10. Analyze Interactions Suppose that you have been saving money for a down payment on a
house. If interest rates fall, would you be more or less likely to buy a house? Explain your answer.

Respuesta :

Higher interest rates can encourage saving. If the Federal Reserve raises interest rates, you may see banks raise savings account interest rates, too. That means you can earn a little more for every dollar in your savings account.

Higher interest rates can motivate saving. If the Federal Reserve increases interest rates, you may see banks increase savings account interest rates, too. That means you can accumulate a little more for every dollar in your savings account.

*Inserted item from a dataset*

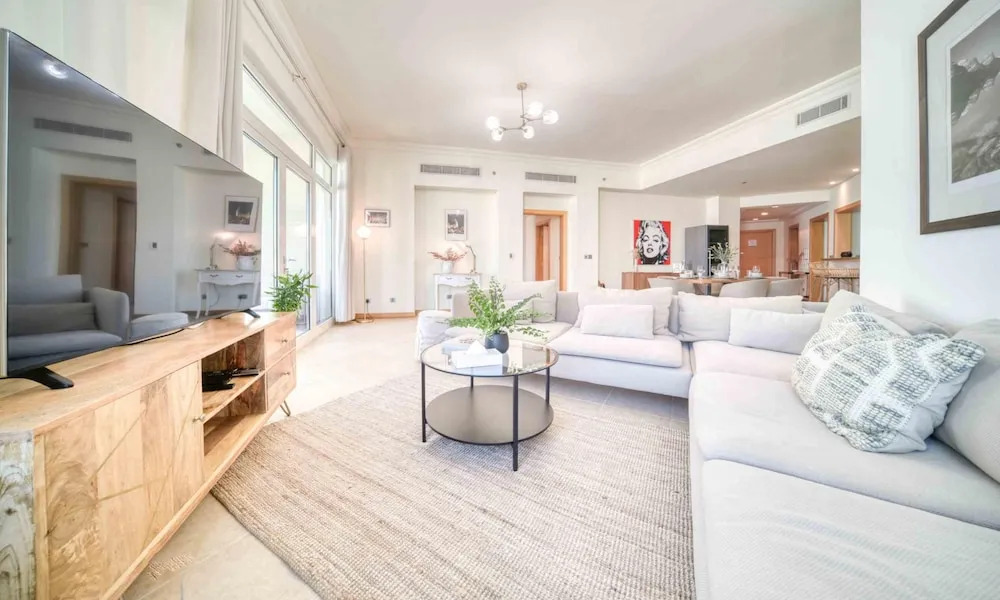 Дубай: Chic Beachside 3BR Living at the Palm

What is a savings account?

A savings account exists as a bank account at a retail bank. Standard features contain a limited numeral of withdrawals, a shortage of cheque and linked debit card facilities, limited transfer opportunities, and the incapacity to be overdrawn. Traditionally, transactions on savings accounts existed widely recorded in a passbook and existed sometimes named passbook savings accounts, and bank statements existed not provided; however, currently, such transactions are generally recorded electronically and accessible online.

People deposit funds in savings account for a combination of reasons, including a safe place to preserve their cash. Savings accounts typically pay interest as well: almost all of them accrue compound interest over time. Several countries need savings accounts to be covered by deposit insurance and some countries furnish a government guarantee for at least a part of the account balance.

Hence, Higher interest rates can motivate saving. If the Federal Reserve increases interest rates, you may see banks increase savings account interest rates, too. That means you can accumulate a little more for every dollar in your savings account.